# Marshall's--Are You Serious?



## Urbnhautebourg (Oct 5, 2011)

I went into Marshall's looking for some argyle socks and left with a Made in the USA 3/2 sack Brooks Brothers spring time sport coat. Beautiful green with windowpane. Given that Brooks barely even offers sack coats anymore, much less offers them at Marshalls for $120, I'd say I had a pretty good outing. Be on the lookout at a Marshall's near you.

This, on top of a Southwick navy flannel sack suit I bought off the exchange from Doghouse Reilly that looked like it was MTM just for me, this January has been one to remember.


----------



## Tourist Trophy Garage (Nov 24, 2011)

The Marshall's stores near us never have tailored clothes at all, let alone BB sacks.


----------



## dkoernert (May 31, 2011)

I've been reading about this over on TOF. I go check in from time to time, and typically find BB ties, but NEVER any coats, shirts, or anything like that. TJ Maxx in my town carries some RLPL, and has had some amazing PRL outerwear and cashmere sweaters.


----------



## Trip English (Dec 22, 2008)

Marshall's and TJ Maxx are infuriating for reasons like this. It must be what gamblers feel like chasing after the longest possible odds. The urge to pop into every Marshalls I see hoping that there might be some fabulous garment at an unbelievable price has to be constantly suppressed. 
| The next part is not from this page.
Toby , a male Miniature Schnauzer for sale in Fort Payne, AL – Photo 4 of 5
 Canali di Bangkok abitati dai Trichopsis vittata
If I'm actually in the same plaza as one, however, I'll often saunter in and poke around. Found a $1,275 pea coat from Ralph Lauren marked down to $149 that I passed on, but it's those sorts of gems that keep my brain roiling with chemicals.


----------



## Bermuda (Aug 16, 2009)

Marshall's will always have at least one trad gem in the midst of the clutter. Scored some Ben Sherman ties and Weatherproof hats years ago in there


----------



## CMDC (Jan 31, 2009)

I was in there the other day to pick up t-shirts and they had Cabot and Sons made in Vermont socks--two packs for $6 as well as Woolrich socks for $2 a pop.


----------



## AlanC (Oct 28, 2003)

There are recent reports in the SF thrift thread of various high end goods showing up like Cucinelli, Kiton shirts and Borrelli ties. Once these start on red tag markdown they become real bargains (relative to retail).


----------



## Taken Aback (Aug 3, 2009)

In my experience, the tie section seems to be where the most high-end gems appear. In the last couple of seasons I've seen a higher influx of the aforementioned brands, and especially BB.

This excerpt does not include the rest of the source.